FINDINGS, OPINION, AND JUDGMENT
This is an action under Tit. 35 U.S.C. Section 146 by a person dissatisfied with the decision of the Board of Patent Interferences on the question of priority to an invention. The invention in dispute is a self-cleaning combination dishwasher-oven. Defendant Lamar filed his application for a patent, serial no. 279,557, on May 10, 1963. Plaintiff Kirschke, General Electric's assignor, filed his application for a patent, serial no. 339,711, on January 23, 1964.

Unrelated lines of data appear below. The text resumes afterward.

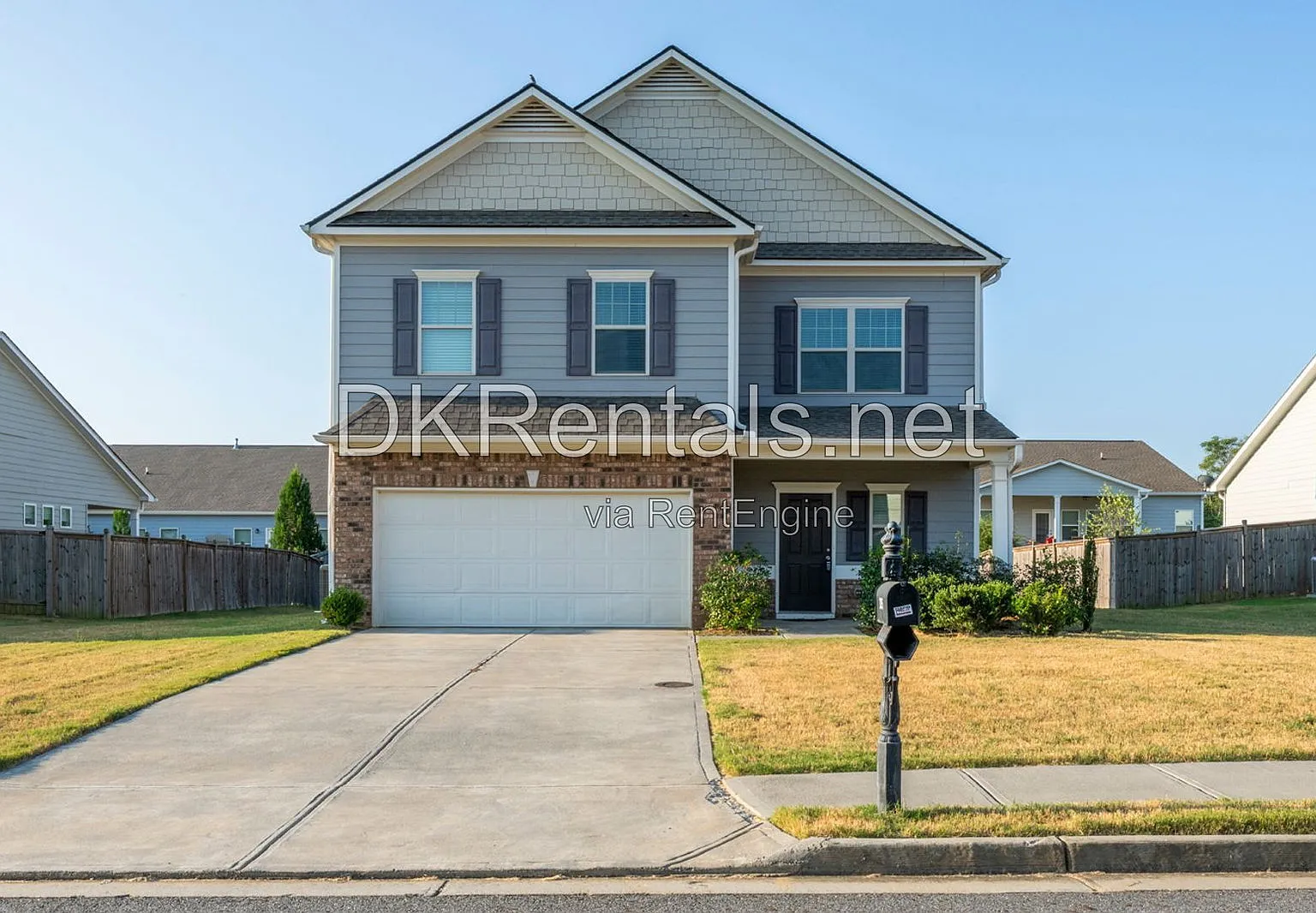 4 bed, 2.5 bath, 2328 sqft, $2,175 — Photo 1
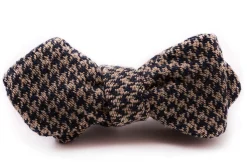 Navy & Beige Houndstooth Silk Bourette Bow Tie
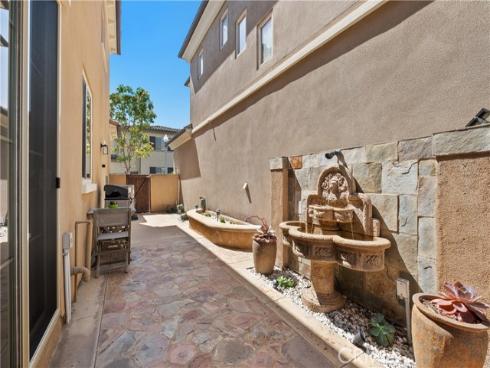 182 Rhapsody , Irvine, CA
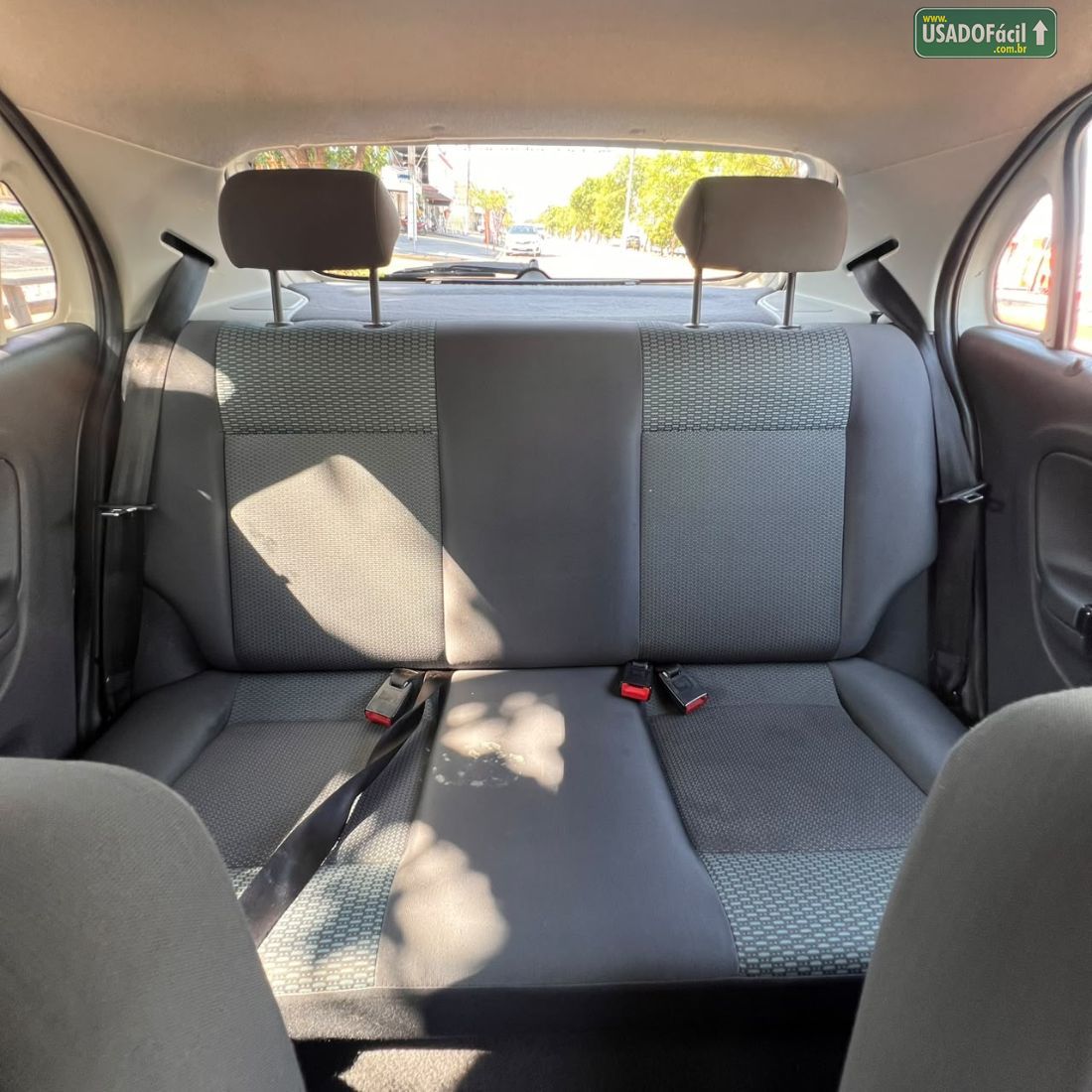 Volkswagen Gol 1.6 Mi 4P Total Flex 2012/2013 — foto 15 de 15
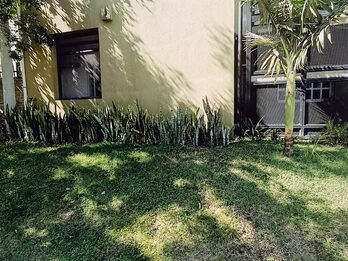 En venta hermosa propiedad zona escuela de policias 3 dormitorios impecable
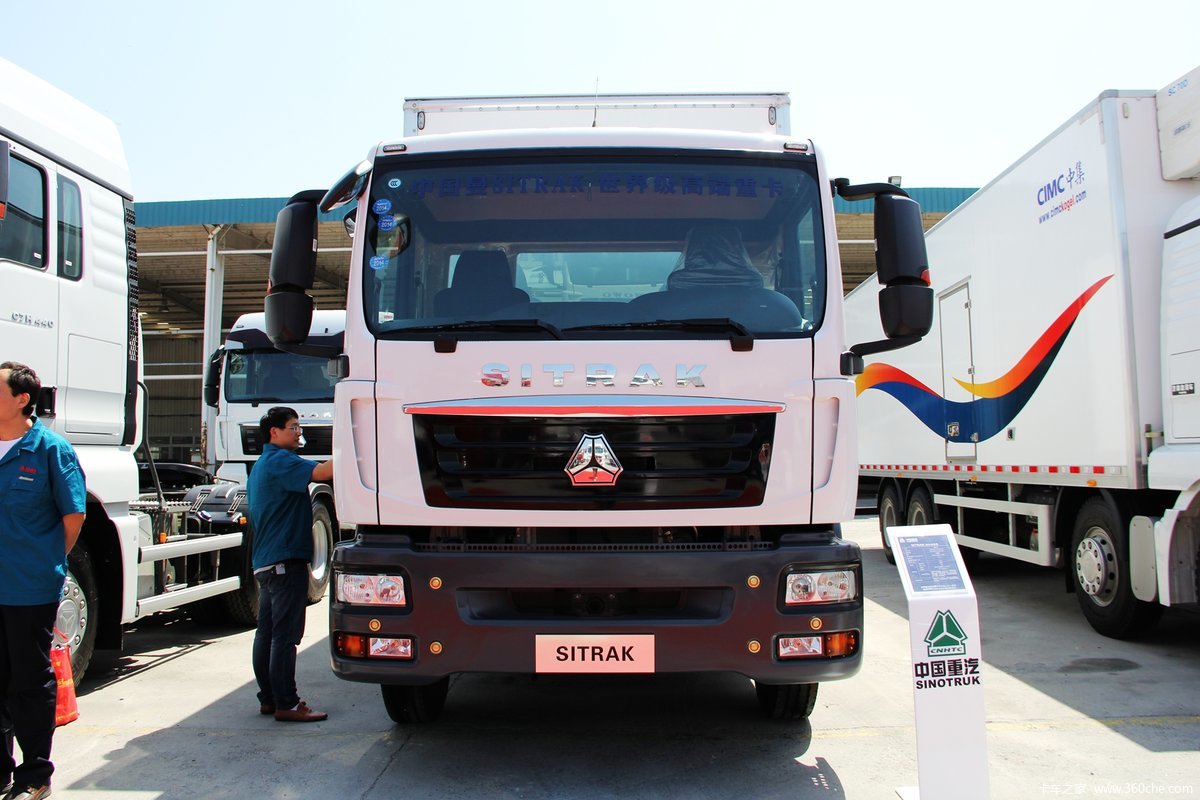 中国重汽 汕德卡SITRAK C5H重卡 240马力 8X4 8.6米栏板载货车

The competing patent applications were placed in interference and assigned Interference No. 94,529. The Board of Patent Interferences received evidence, considered the matter, and ruled the question of priority in favor of defendant. The issues decided in the interference proceeding were defined in three Counts:
The hearing before the Board of Patent Interferences was held on November 4, 1966. Defendant did not present testimony at the interference proceeding, but instead relied upon the filing date of his patent application as a constructive reduction to practice. Plaintiff Kirschke contended that he should prevail because he had actually reduced his invention to practice by June 8, 1962.
Kirschke presented evidence at the interference proceeding that his idea of a combination dishwasher-oven came up several times at brainstorming sessions of engineers in General Electric's range department while he was the manager of that department. Kirschke related this idea to Raymond Dills, another General Electice engineer who was the manager of the Advanced Engineering Development Section. Dills, in turn, disclosed the idea to Paul Staples, an engineer in the range department, who suggested that two students in General Electric's Creative Engineering Program, Christian Charron and Lawrence Levine, be given the project of investigating the feasibility of this idea as their assignment under the program. This project was assigned to Charron and Levine early in 1962.
To test the feasibility of the project, Charron and Levine constructed two units. Unit No. 5093 was coated with an interior coating of teflon and was equipped with a spray arm dishwashing mechanism. Unit No. 5105 was coated with an interior coating of sodium silicate and was equipped with an impeller dishwashing mechanism. Staples assisted in the construction and testing of these units, both in the actual physical construction and testing of the machine and by the procurement of necessary parts and materials. Staples testified at the interference proceeding that he had seen the machines wash dishes and that he had requested a baking test on the oven the results of which were reported in Kirschke's exhibit 9.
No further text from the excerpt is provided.